Le pont de Gènes s’écroule, des immeubles s’effondrent à Marseille, New York s’affaisse et l’A13 s’ouvre. Même le béton est fragile, constate Gaspard Koenig, qui nous invite à en tourner la page.
Par Gaspard Koenig (philosophe)
Ces derniers temps, les artefacts qui semblaient les plus indestructibles subissent des catastrophes auparavant inimaginables.
Le pont de Gênes s’écroule.
Des avions Boeing perdent une roue au décollage ou une porte en plein vol.
Des immeubles s’effondrent à Lille, Marseille ou Paris.
On découvre que New York, Jakarta ou Pékin s’affaissent de plusieurs millimètres par an sous le poids de leurs gratte-ciel.
La menace de sécheresses pluriannuelles nous force à ouvrir les yeux sur les fuites de nos réseaux d’eau.
Dernier épisode en date, une fissure apparue sur l’autoroute A13 a relancé le débat ouvert en 2022 par la Cour des comptes sur les investissements colossaux nécessaires à l’entretien des routes.
Toutes nos belles inventions sont-elles en train de tomber en ruine ?
Notre modernité est pourtant fondée sur une promesse de solidité.

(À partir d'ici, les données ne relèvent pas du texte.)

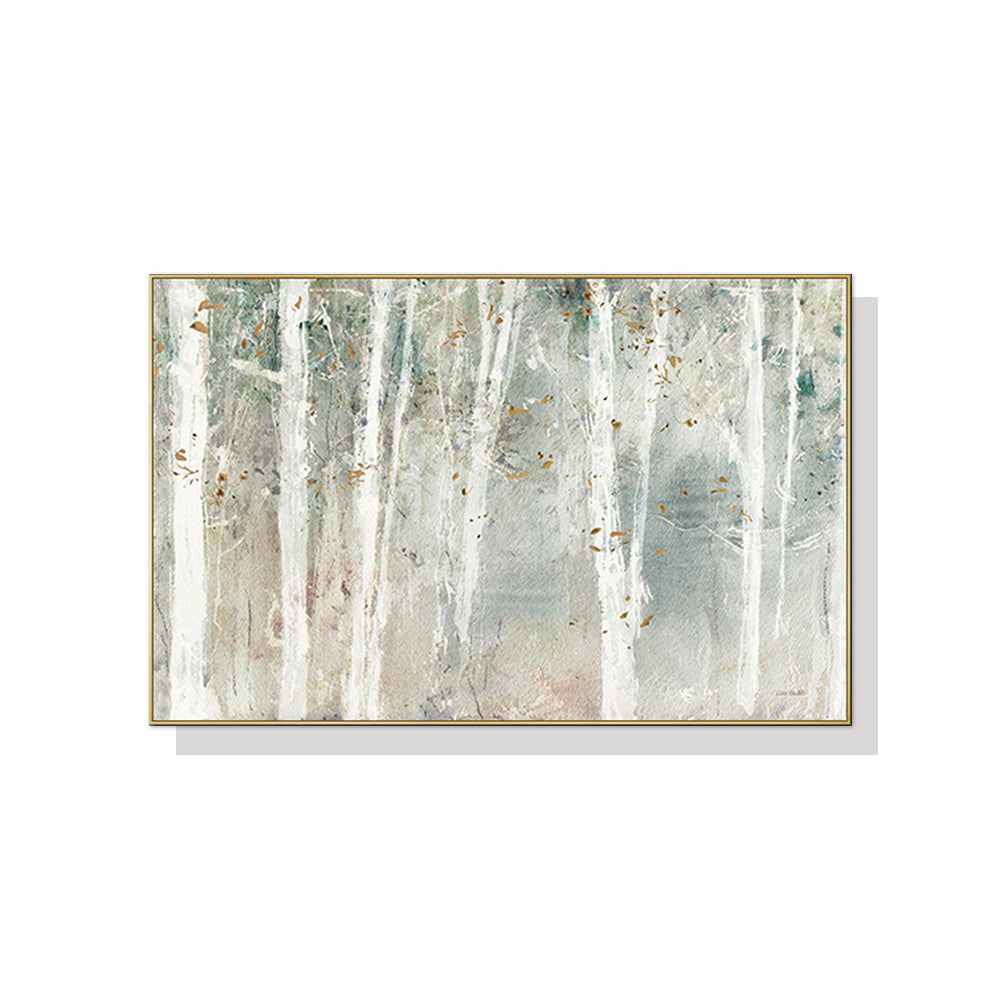 50cmx70cm Forest canvas wall art in a gold frame, showcasing vibrant colors and a floating effect.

Le conte des « Trois Petits Cochons » date seulement de la fin du XIXe siècle. Les petits enfants de l’ère industrielle apprennent donc que la maison la plus désirable, la plus protectrice, la seule qui résiste au souffle des bêtes sauvages, est construite en brique et ciment. Dans ce cube dur et orthogonal, nous nous sentons en sécurité.
Comme si nous étions enfin à l’abri des forces physiques.